> **What the exercise asks**: Would you repeat the whole listing exactly, pictures excluded?

> **Recorded information**:
────
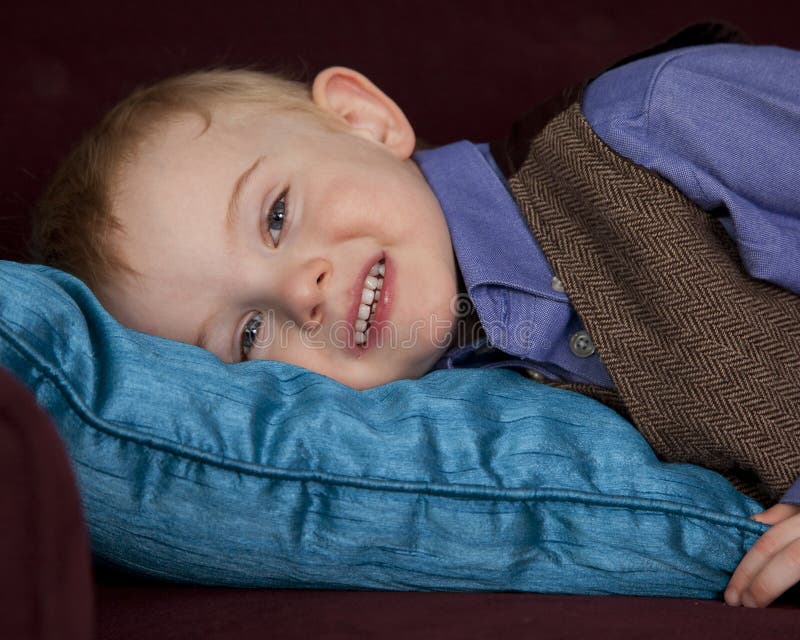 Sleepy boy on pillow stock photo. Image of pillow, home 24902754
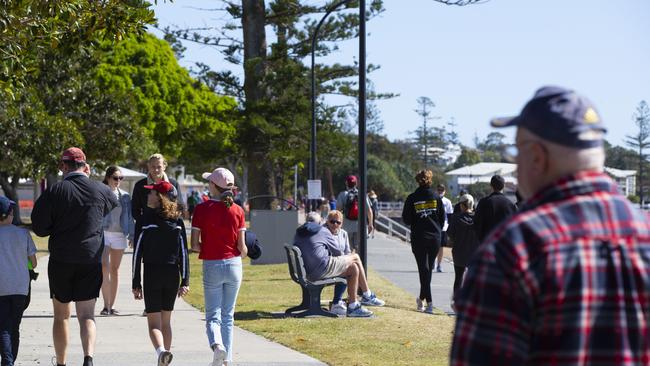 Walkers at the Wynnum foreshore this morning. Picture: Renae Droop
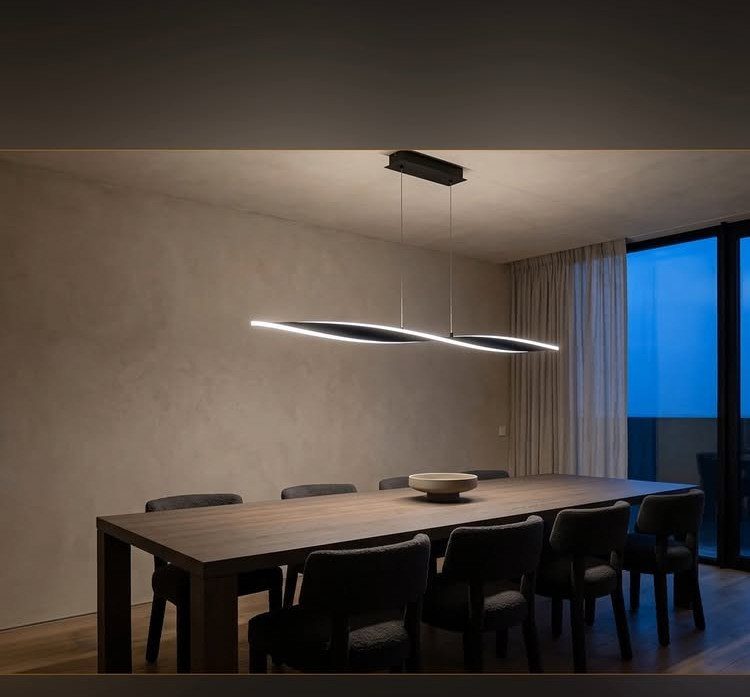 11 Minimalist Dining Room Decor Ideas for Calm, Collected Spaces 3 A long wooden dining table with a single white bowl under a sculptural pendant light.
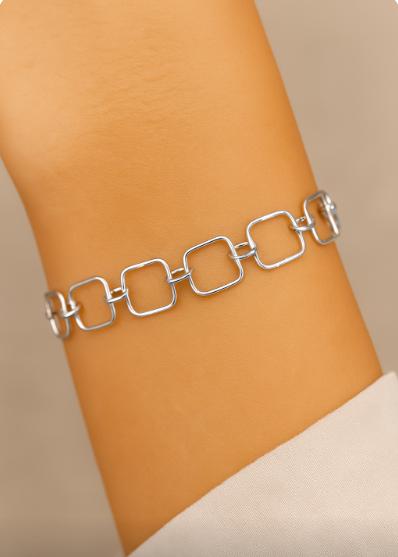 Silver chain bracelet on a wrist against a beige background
────
> **Solution for this exercise**:
 Sleepy boy on pillow stock photo. Image of pillow, home 24902754
 Walkers at the Wynnum foreshore this morning. Picture: Renae Droop
 11 Minimalist Dining Room Decor Ideas for Calm, Collected Spaces 3 A long wooden dining table with a single white bowl under a sculptural pendant light.
 Silver chain bracelet on a wrist against a beige background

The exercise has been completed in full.